4 surprising ways to use life insurance

4 surprising ways to use life insurance

Author: Canadian Living

Money & Career

4 surprising ways to use life insurance

Most people buy life insurance to financially protect their family members in case they pass away. That will always be the primary function of insurance -- the big lump sum of cash people get when a loved one dies -- but there are other reasons to take out an insurance policy. Here are four different ways to use life insurance:

1. Use life insurance for your retirement savings
It might sound a little morbid, but some people take out life insurance on their parents, so when the folks pass away, they'll get money to help them through retirement. You need to do this when you're 30 and your parents are 60 -- the life insurance premiums will be a lot cheaper than when they're 80. Since people are living longer, the thinking is that they'll die, and you'll get the money, when you're older and closer to retirement.

2. Use life insurance to pay off debts
One big selling feature of life insurance is that it's not taxed. So when you die and your beneficiaries get a payout, the government won't go after them for a cut. Every estate has taxes and debts to pay so many people choose to use their insurance's payout to cover those costs. This would likely be a separate policy than the one for your family; otherwise, your children will be stuck sorting out your estate's bill.

3. Use life insurance to withdraw cash
Some policies, such as Whole Life, accumulate a cash balance over the years. You pay the same price every month for life insurance, but technically you should be increasing amounts as you get older. The difference between what you pay per month and what you should be paying creates a cash balance that you can withdraw. You have to pay it back, though -- if you don't, that amount, plus interest, is deducted from the life insurance payout.

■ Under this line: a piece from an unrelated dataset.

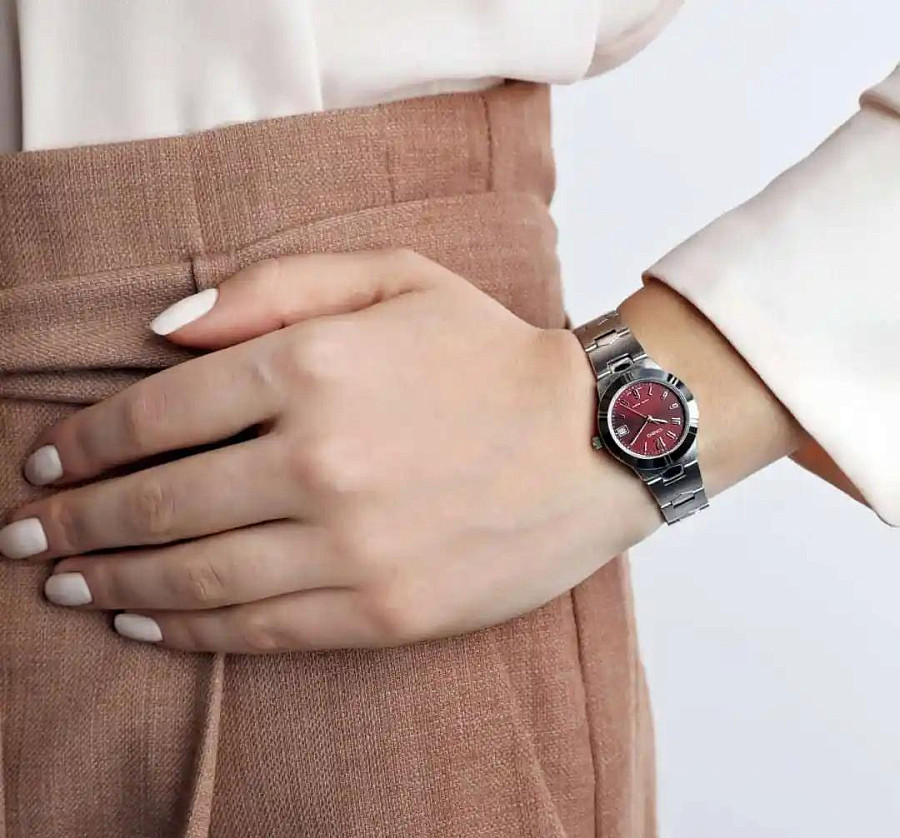 Часы Casio Collection LTP-1241D-4A2 — женские, нержавеющая сталь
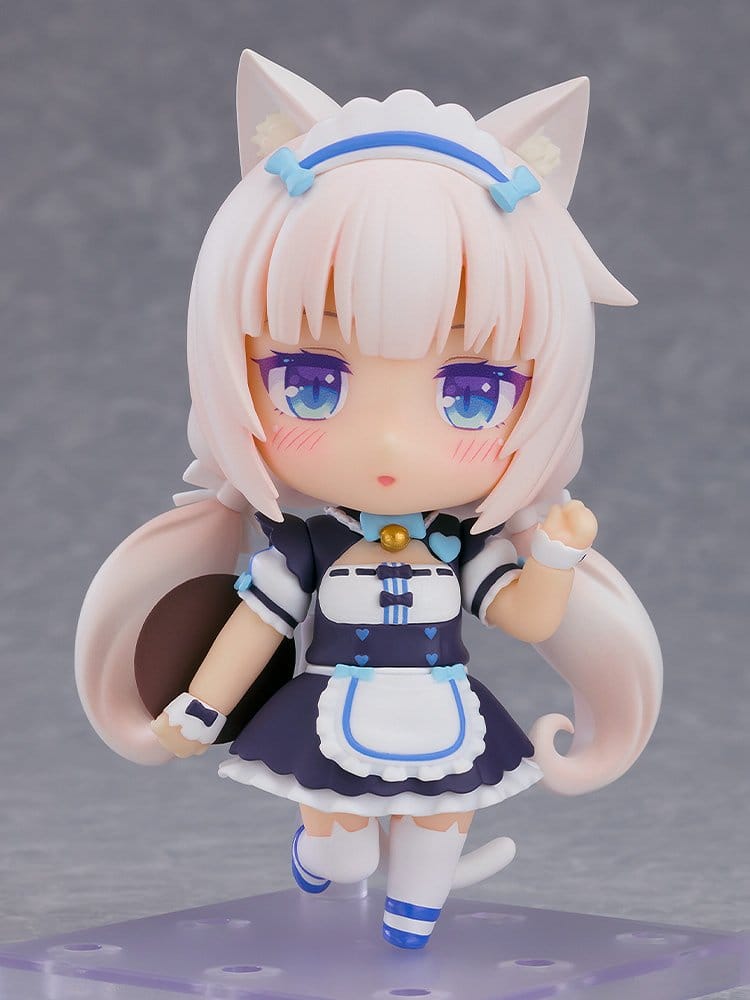 Nekopara Nendoroid Action Figure Vanilla: Sekai Connect Ver. 10 cm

4. Use life insurance to generate an income
Some policies, called annuities, offer retirees regular monthly payments. When you're younger, your payments are invested and grow in an account. At some point in the future, those savings get paid back to you. You can either get a fixed income or buy a variable annuity, which alters the payment based on how well the annuities' investments do. It's a great way to bring in extra dollars if you'll be short on cash in retirement.

Clearly, life insurance isn't just about leaving your family money after you die. But the earlier you take out a policy, the cheaper it will be. So think about how you might want to use insurance and then purchase a plan now.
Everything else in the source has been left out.